Had I used more time, I could have made the skin look much more realistic. This was just a proof of concept. And when you have made a realistic skin texture once, you could apply it to any model without extra effort.

He then added:

Still far from photorealism, but won't leave many secrets about your body unrevealed, either. Plus, increase radiation resolution, and you could almost certainly reconstruct even the face.


Note: I modified the
source image in Photoshop by cropping and resizing to better match Markku’s result.

Comments

Moon over Yonah Mountain

Becky and I had planned to visit Johnny in Illinois this weekend for an early Thanksgiving. However, after scheduling time off from work, we found that no hotels were available in Champaign-Urbana. Something about a home game and “Dad’s Weekend”. So Becky decided to visit Helen, Georgia on Friday, instead.

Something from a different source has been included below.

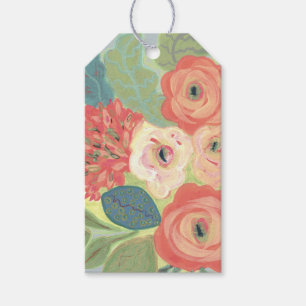 Coral Rose Gift Tags Geschenkanhänger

We began the day by stopping by LifeWay Christian Stores in Buford. Becky wanted to pick up a Veggie Tales DVD for the church library. LifeWay was giving away a one volume edition of
The Chronicles of Narnia. The only problem is that it’s a “heretical” version: the stories are presented in chronological order instead of publication order, so “The Magician’s Nephew” is in the first instead of sixth position. Still, it was free and my seven volume set is somewhat dogeared.

We drove to Helen and ate lunch at North Georgia Bar-B-Q. The pulled pork and sauces were very good but the beans and stew were average at best. All seating is outdoors.


We spent some time at the
Helen Arts and Heritage Center as part of the 2010 Arts Tour. We watched pottery being made and spent some time with a wool spinner. This sea serpent caught my eye and I took a picture since my daughter likes dragons. Sea serpents are related to dragons, aren’t they?



We went to Raven’s Cliff Falls and hiked somewhat over half of the trail. We weren’t able to cover the full five miles as we arrived too late in the afternoon and we wanted to be back to the car well before sunset. On the way back to Helen we stopped at an overlook to take some pictures of Mount Yonah.